*Task statement*
Write out exactly the lines below starting at the one containing "This Rolex Date" and ending at the one containing "Front entrance of". Omit every picture.

*Supplied data*
=== Begin Enclosure ===

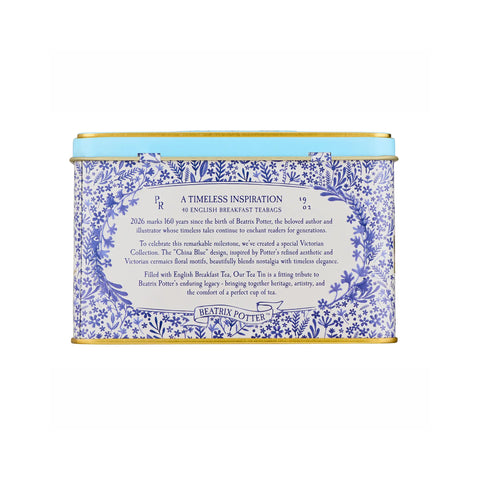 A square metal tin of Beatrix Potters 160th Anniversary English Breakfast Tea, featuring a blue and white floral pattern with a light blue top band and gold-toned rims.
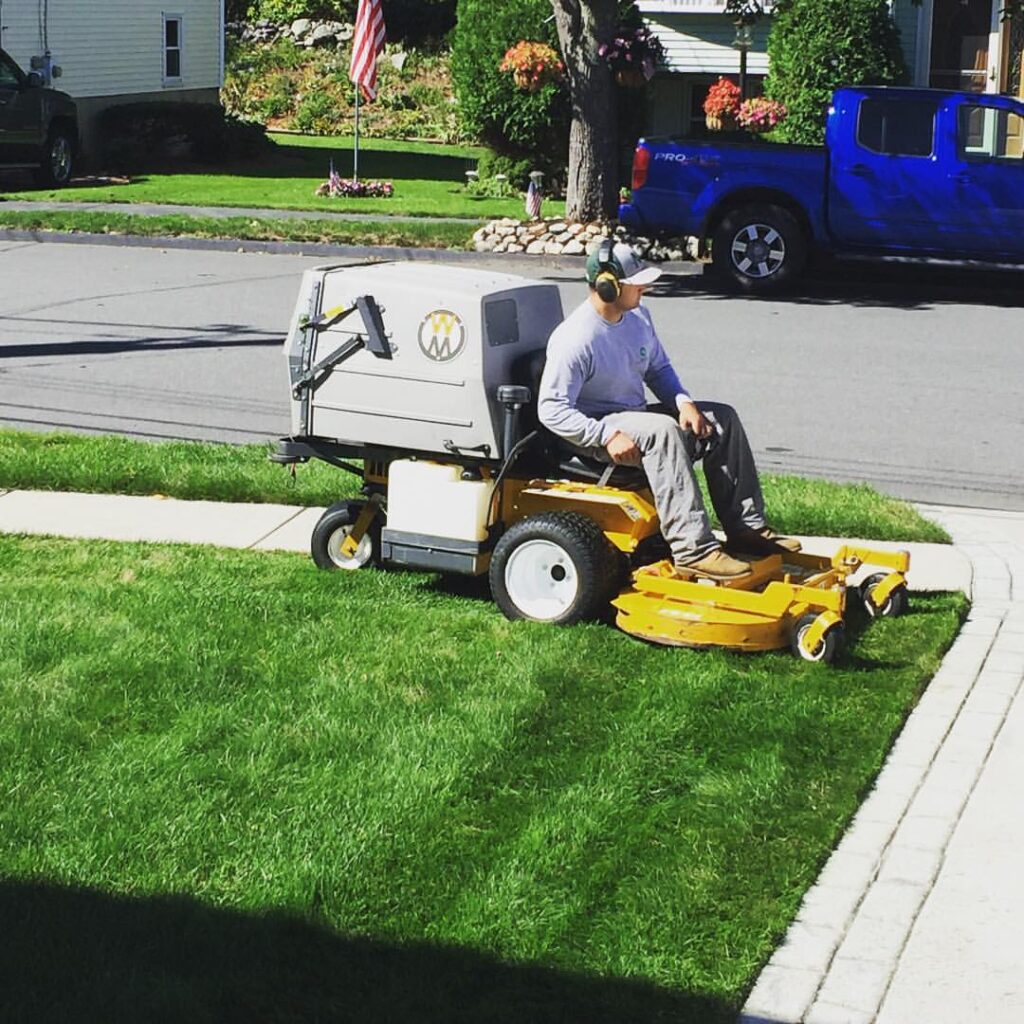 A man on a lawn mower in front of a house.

=== End Enclosure ===
=== Begin Enclosure ===

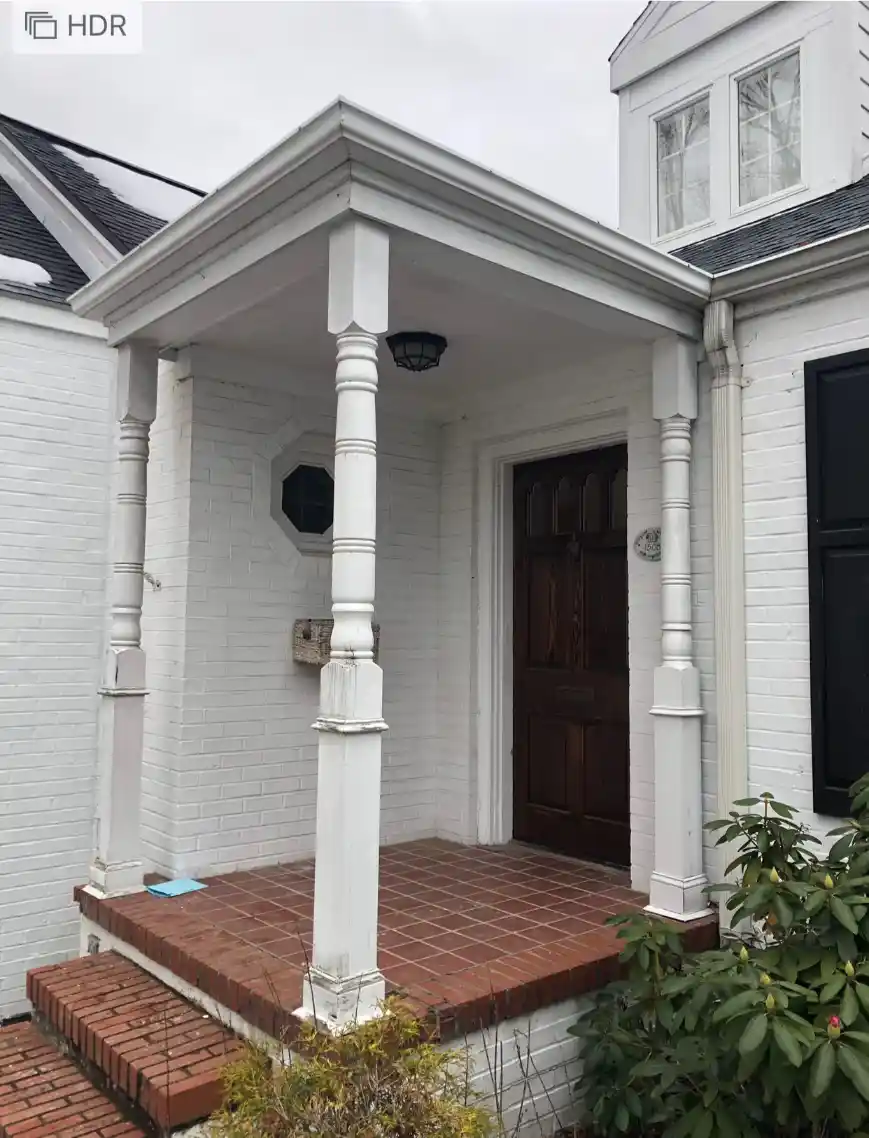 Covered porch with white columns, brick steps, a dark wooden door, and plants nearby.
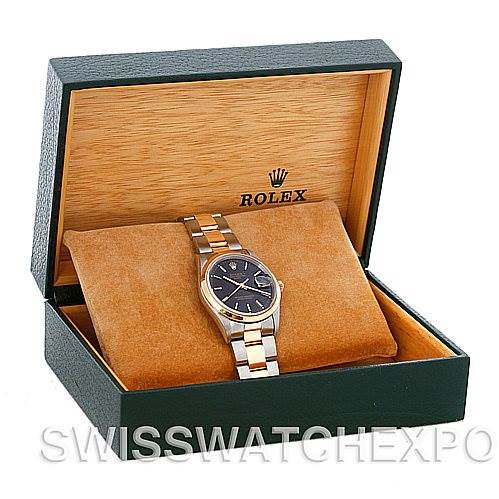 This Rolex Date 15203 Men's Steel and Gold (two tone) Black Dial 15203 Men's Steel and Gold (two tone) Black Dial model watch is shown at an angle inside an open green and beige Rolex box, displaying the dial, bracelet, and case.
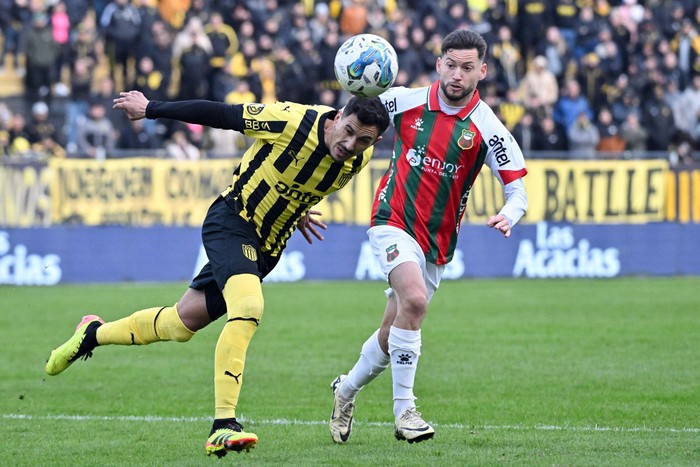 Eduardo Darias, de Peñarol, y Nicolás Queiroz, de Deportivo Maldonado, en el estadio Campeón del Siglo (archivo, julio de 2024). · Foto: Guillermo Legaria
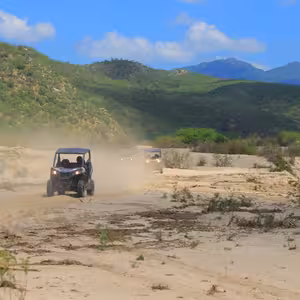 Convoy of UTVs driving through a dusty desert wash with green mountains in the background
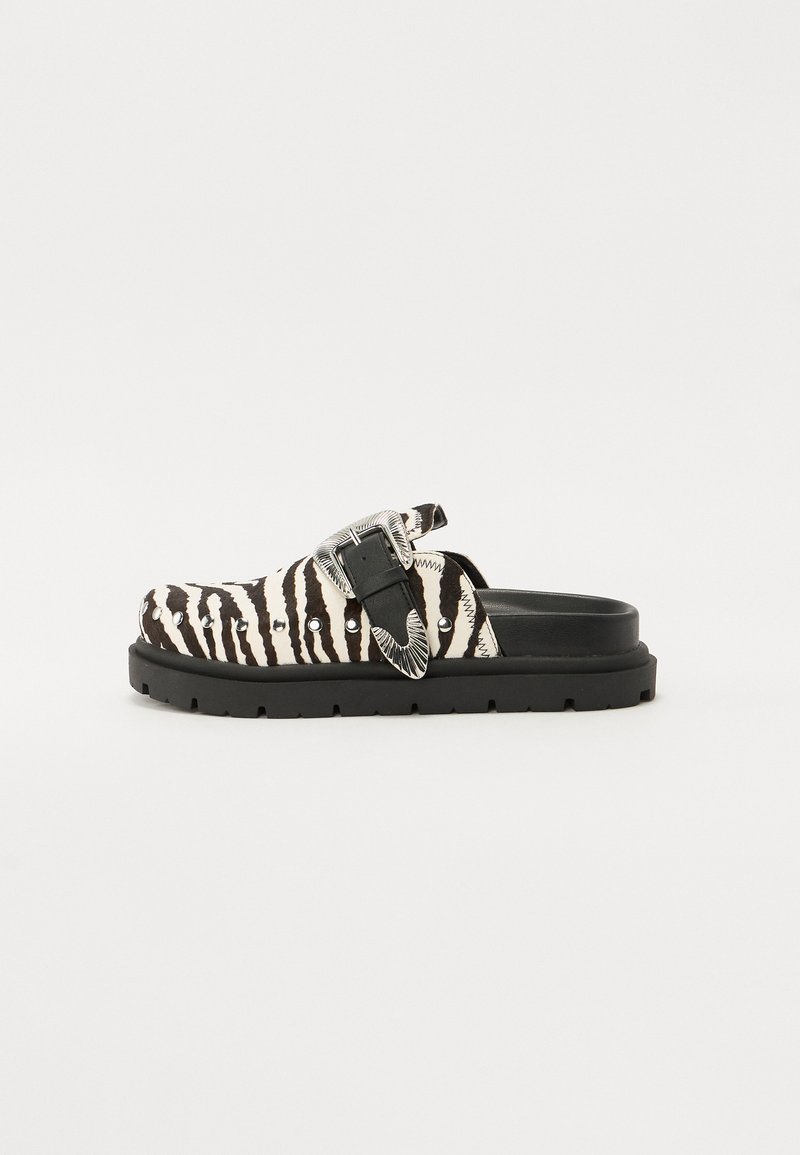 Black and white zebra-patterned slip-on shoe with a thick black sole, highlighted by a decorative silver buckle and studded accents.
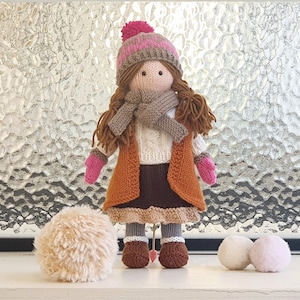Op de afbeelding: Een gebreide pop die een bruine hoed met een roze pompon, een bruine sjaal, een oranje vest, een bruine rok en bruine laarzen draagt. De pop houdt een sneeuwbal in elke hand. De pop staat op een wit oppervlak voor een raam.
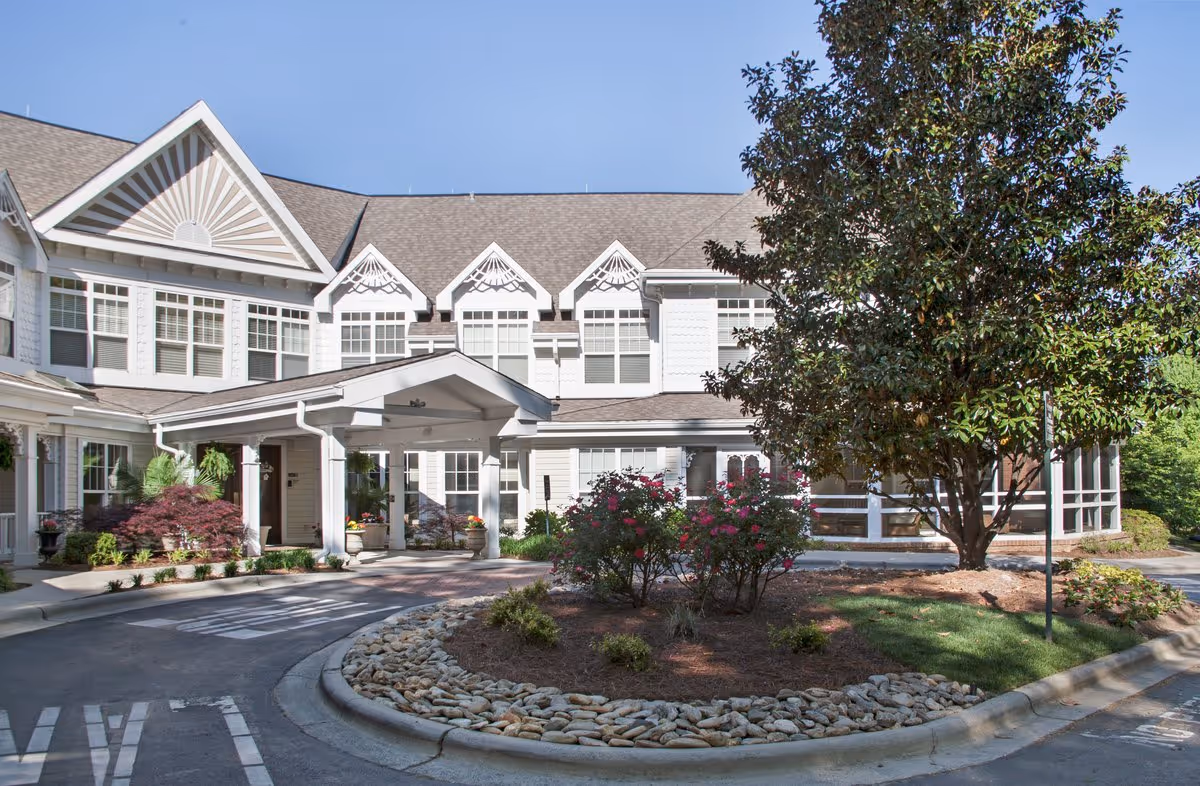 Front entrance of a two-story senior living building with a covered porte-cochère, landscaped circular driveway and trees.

=== End Enclosure ===
=== Begin Enclosure ===

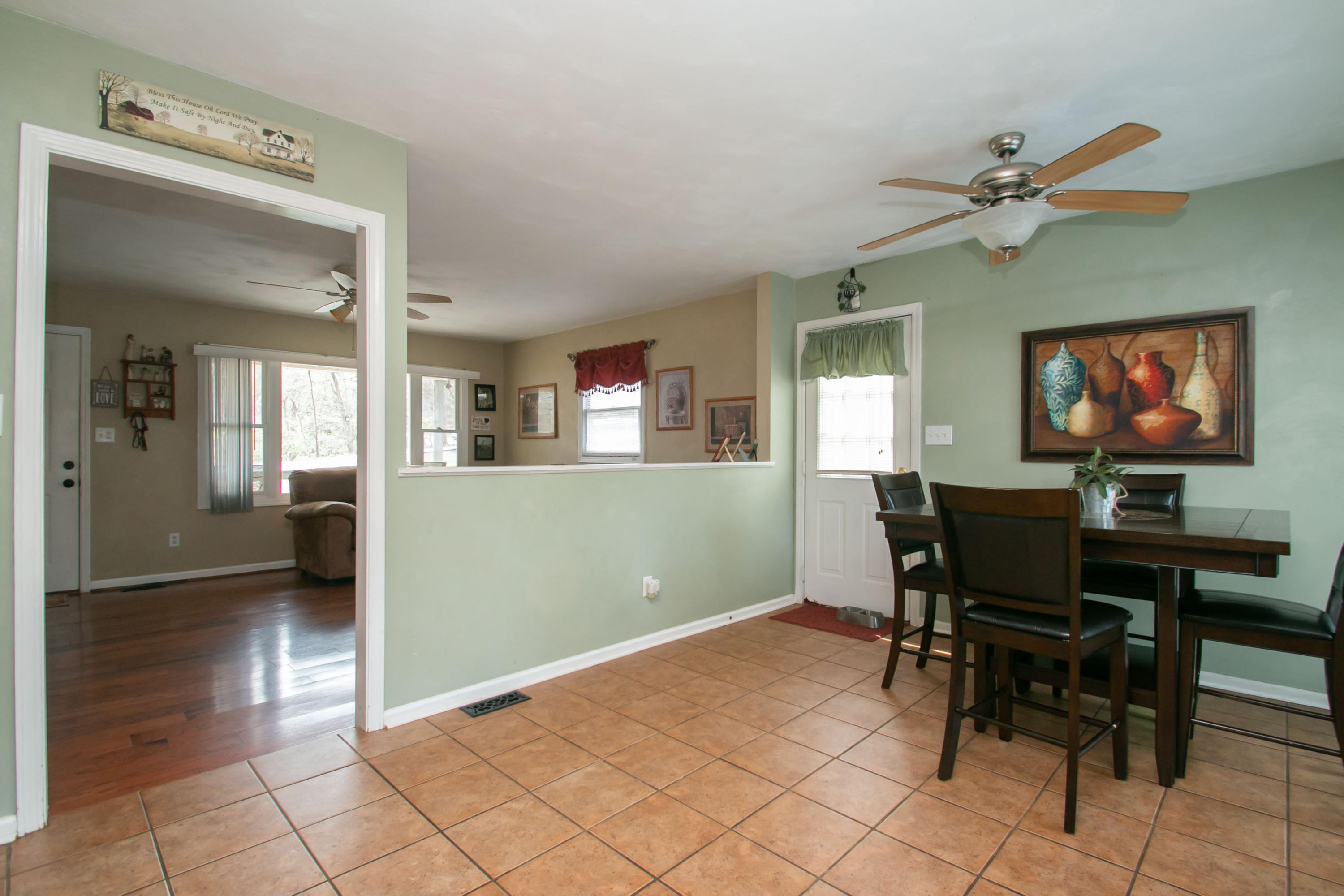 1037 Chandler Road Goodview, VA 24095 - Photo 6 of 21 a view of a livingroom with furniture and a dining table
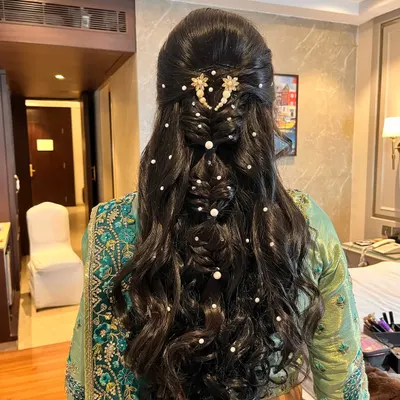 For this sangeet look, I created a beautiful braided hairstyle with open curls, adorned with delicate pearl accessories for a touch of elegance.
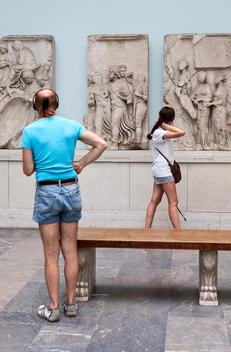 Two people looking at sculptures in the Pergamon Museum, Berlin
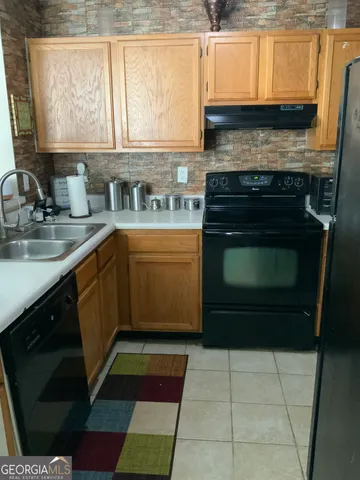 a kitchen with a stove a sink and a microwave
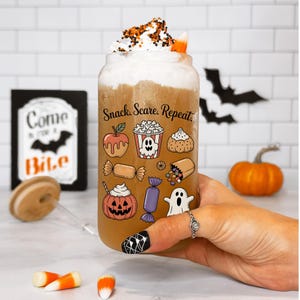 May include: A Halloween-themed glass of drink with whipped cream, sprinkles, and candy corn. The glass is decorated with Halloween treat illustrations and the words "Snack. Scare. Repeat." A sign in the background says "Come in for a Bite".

=== End Enclosure ===

*Answer section*
 This Rolex Date 15203 Men's Steel and Gold (two tone) Black Dial 15203 Men's Steel and Gold (two tone) Black Dial model watch is shown at an angle inside an open green and beige Rolex box, displaying the dial, bracelet, and case.
 Eduardo Darias, de Peñarol, y Nicolás Queiroz, de Deportivo Maldonado, en el estadio Campeón del Siglo (archivo, julio de 2024). · Foto: Guillermo Legaria
 Convoy of UTVs driving through a dusty desert wash with green mountains in the background
 Black and white zebra-patterned slip-on shoe with a thick black sole, highlighted by a decorative silver buckle and studded accents.
Op de afbeelding: Een gebreide pop die een bruine hoed met een roze pompon, een bruine sjaal, een oranje vest, een bruine rok en bruine laarzen draagt. De pop houdt een sneeuwbal in elke hand. De pop staat op een wit oppervlak voor een raam.
 Front entrance of a two-story senior living building with a covered porte-cochère, landscaped circular driveway and trees.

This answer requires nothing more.